Postby Steady » Sat Jul 05, 2008 8:35 pm

05 July 2008 from the Irish Examiner

Land row puts key rail station in jeopardy

By Sean O’Riordan
A ROW over who owns a plot of land has put the future of a new multi-million euro railway station in jeopardy.


Iarnród Éireann’s plans to build a new station and 360-space park and ride facility on the outskirts of Cork have run into trouble, after the National Roads Authority (NRA) claimed it owned the land and needed it for one of its own projects.

The station at Dunkettle is one of three to be created along the Cork-Midleton railway line, which is due to be reopened early next year.
Cork County Council has approved planning permission for the station.

But the NRA has objected to An Bord Pleanála and is adamant that it has to use the land for a key upgrade of the Dunkettle interchange, which is the busiest junction in Cork.

“The NRA supports improvements in public transport, but we are disappointed that we weren’t formally consulted on the plans by Iarnród Éireann,” said the NRA spokesman.

He said the land was earmarked for large NRA improvements at the Dunkettle interchange, which will have to be undertaken in the future to prevent it from becoming gridlocked.

In addition, the NRA claimed there were several other more suitable locations Iarnród Éireann could use for the facility.
However, the war of words intensified last night after the rail company claimed that the NRA didn’t actually own the disputed land.

“The fact of the matter is it is not their land.
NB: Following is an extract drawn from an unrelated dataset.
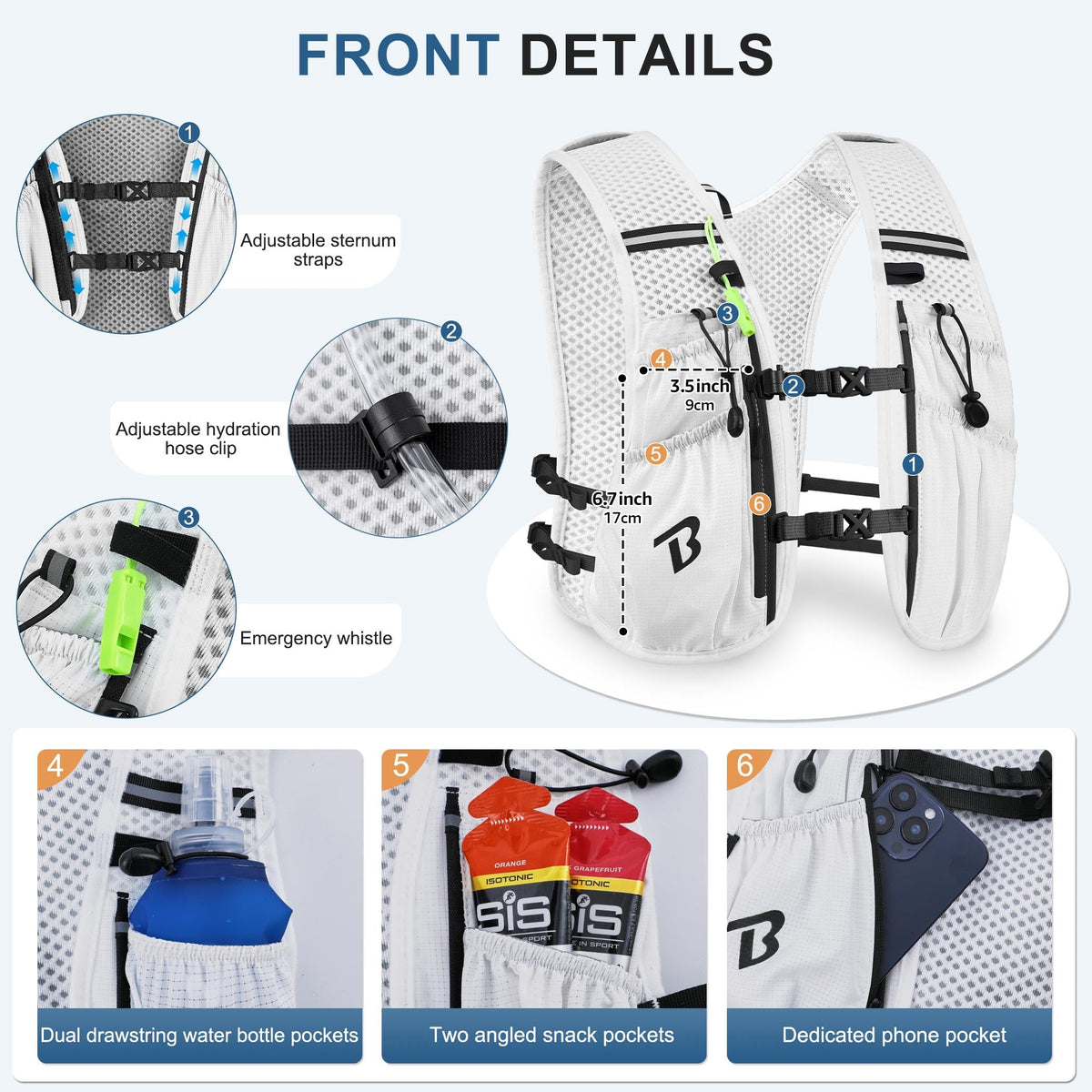 BECOJADDE Running Vest Hydration Backpack with Two 500ML Soft Water Bottles for Men Women, 5L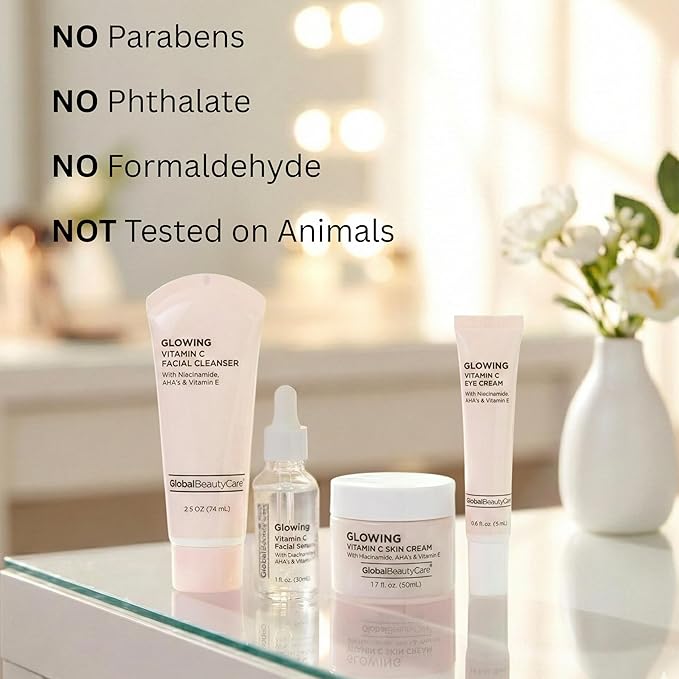 Global Beauty Care Vitamin C Glow Skincare Set - Complete Face Care Routine, Facial Cleanser, Serum, Eye Cream & Face Cream, with Niacinimade, AHA's & Vitamin E For Radiant Smooth Skin, 4-Piece Set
It is registered to Cork County Council for transport needs and the park and ride facility comes within this ambit,” said an Iarnród Éireann spokesman. He claimed the rail company did consult the NRA before applying for planning permission.
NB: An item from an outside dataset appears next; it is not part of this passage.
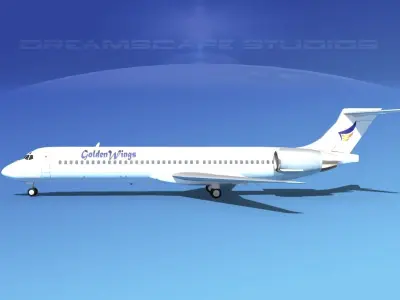 McDonnell Douglas MD-87 Golden Wings 3D model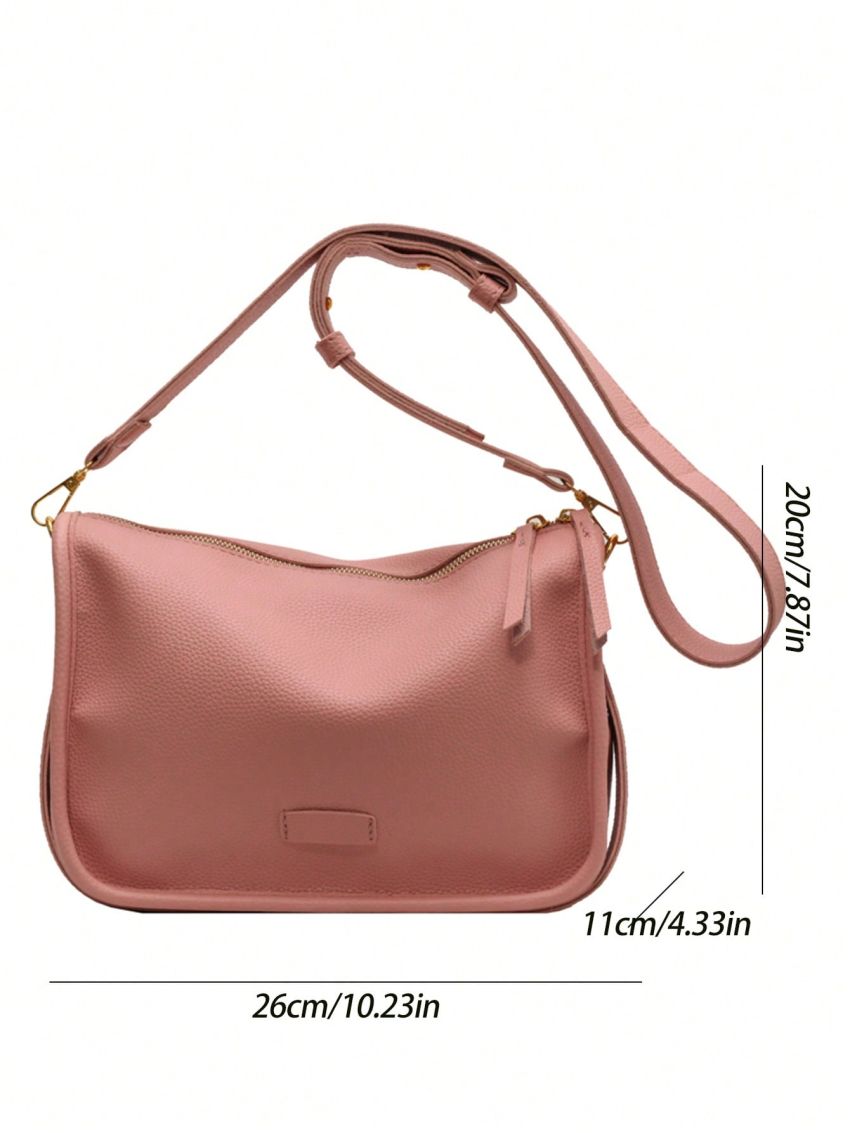 Litchi Embossed Hobo Bag Fashion Pink With Zipper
However, the spokesman admitted that the appeal to An Bord Pleanála had “the potential to impact” on the railway company’s plans at Dunkettle. “We will try and work constructively with Cork County Council and the NRA to see if we can resolve this issue,” he said.

****************

What does this story say about the maturity, willingness to co-ordinate, ability to co-operate, desire to serve the public good, intelligence and communication skills of the local management of Iarnrod Eireann and the NRA in Cork?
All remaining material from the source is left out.